Non. Il travaillait à cette époque, il ne vivait pas de sa plume. Dans les années 1950, il avait un emploi dans un club du livre par correspondance, il rédigeait des circulaires et des courriers aux abonnés. Je me souviens des feuilles avec l’en-tête du Club du livre, sur lesquelles je dessinais au verso. J’ai donc eu une vie de famille normale, et même une enfance heureuse aux côtés de mes parents, ce qui contrebalançait mes journées à l’école que je détestais. Plus tard, il a commencé à sortir beaucoup, et rentrait tard le soir. Mais à cette époque-là, j’avais quand même 17-18 ans, donc le mal était moindre.

Ton livre est maintenant édité, en librairie. Quel avenir pour Sternberg ?

Il y aura sans doute d’autres personnes qui prendront la relève et adopteront d’autres angles de vision. Je l’espère bien. Je ne me prétends pas être l’unique propriétaire de l’œuvre de mon père. L’essentiel étant d’en assurer d’une façon ou d’une autre la pérennité.
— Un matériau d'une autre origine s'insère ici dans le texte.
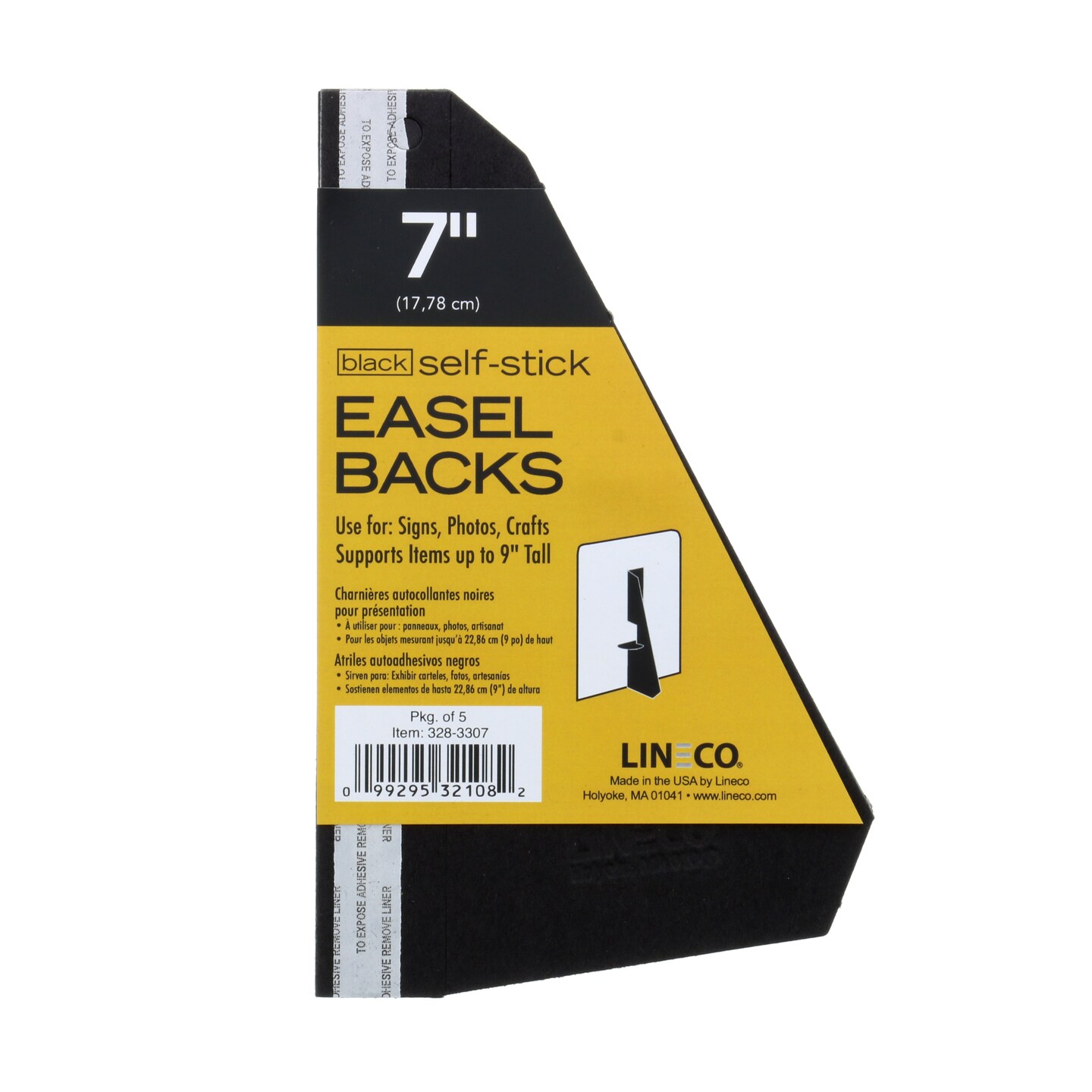 Lineco/University Products Self-Stick Easel-Backs, Black, 5/Pkg., 7&#x22;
Une des critiques est que tu n’as pas écrit « le » livre total sur Jacques Sternberg, qui en ferait le tour complet. Pour moi, ce n’est pas une critique valable dans le sens où tu annonces que c’est toi, Jean-Pol, qui écris une biographie littéraire teintée d’affectivité, et que tu y présentes ce que tu as envie, ton univers : ton père, ta mère… Il y a la place pour un Philippe Alméras[iii], qui fera un travail différent, et pour d’autres, comme Denis Chollet.

A propos de Denis Chollet, je me rappelle qu’au début, je craignais que son travail fût très proche du mien, que cela fasse un doublon. Alors, nous avons exposé nos orientations respectives, et nous en avons conclu que c’était très différent. Je ne connais pas encore le travail de Denis, mais je crois savoir qu’il aborde des thèmes que j’ai à peine esquissés, ce qui rendra nos deux ouvrages complémentaires et d’autant plus intéressants…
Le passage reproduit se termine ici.